Un coup d’avance sur les concurrents
Au moment de prendre le tournant de la 3G, le groupe Oordoo Nedjma sait qu’il a un coup d’avance sur les concurrents. Et il compte bien l’utiliser comme un tremplin pour réaliser ses ambitions. Joseph Ged ne s’en cache pas. Pour lui : « la 3Gest une opportunité pour devenir numéro un en Algérie». Le passage à la 3G, Nedjma en défend l’idée « depuis 2006-2007, parce que après le GSM, la 3G puis plus tard, la 4G, sont une suite logique ». Le groupe s’est bien préparé techniquement : «60 à 70% de nos équipements ont été renouvelés ». Mais aussi commercialement. Son « positionnement data » depuis 2004, lui permet de disposer d’un réservoir de 3 millions d’abonnés pour la 2G-EDGE, « ce qui est un record mondial pour un opérateur ». D’où sa position de pointe pour dénoncer tout nouveau frein au moment du lancement de l’opération et réclamer que le secteur marche au rythme de l’opérateur le plus performant en évitant un « nivellement par le bas ».
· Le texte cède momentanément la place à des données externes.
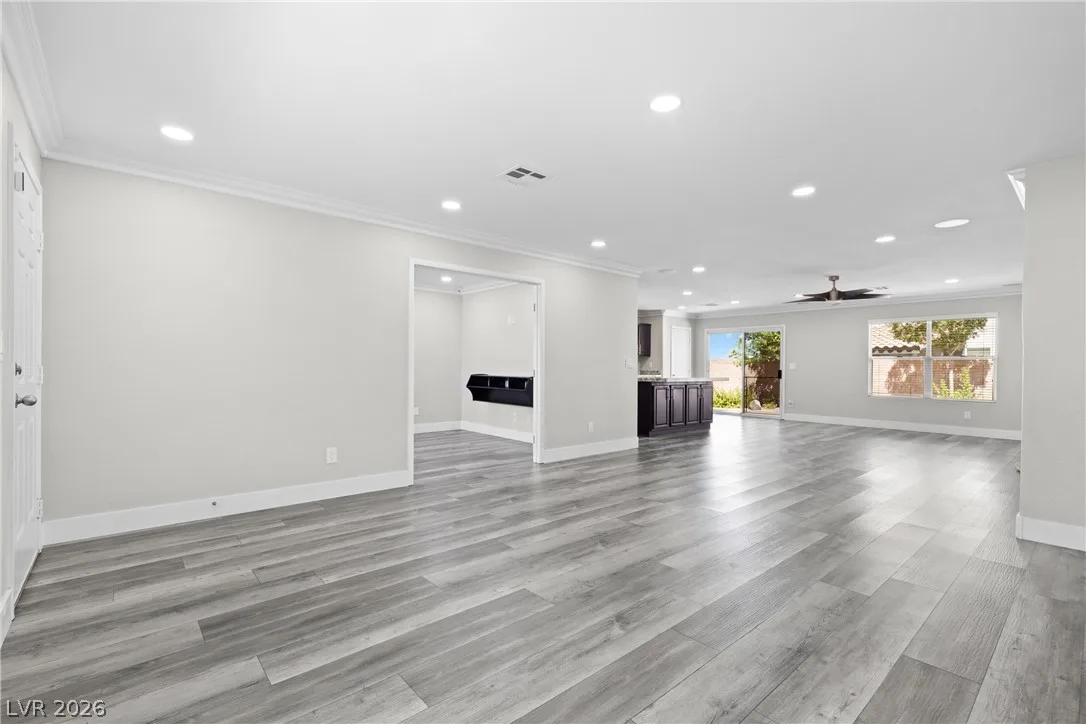 1000 Amber Gate Street — photo 5 of 44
Encourager le contenu made in Algeria
Un coup d’avance aussi sur la construction d’un écosystème autour de l’internet mobile à haut débit. Pour développer le marché du «contenu made in Algeria», Ooredoo a signé un partenariat avec l’Agence nationale de développement des PME pour mettre des fonds et demain le marché de ses 10 millions d’abonnés à la disposition des meilleurs start-up algériennes, dont une dizaine seront sélectionnées chaque année pour être soutenues. Un coup d’avance enfin sur les projets d’entrée en Bourse « Notre souhait et notre volonté, c’est avant tout de faire participer nos clients et le public algérien en général à notre succès et nous voulons ensuite dynamiser le marché financier en Algérie, » assure Joseph Ged. Le PDG de Ooredoo a ajouté que cette ouverture se fera à hauteur de 10 à 15 pour cent du capital de l’entreprise, « en fonction de la liquidité du marché ». Il annonce des rencontres en janvier 2014 avec la nouvelle équipe dirigeante de la Cosob, pour «passer à la phase concrète».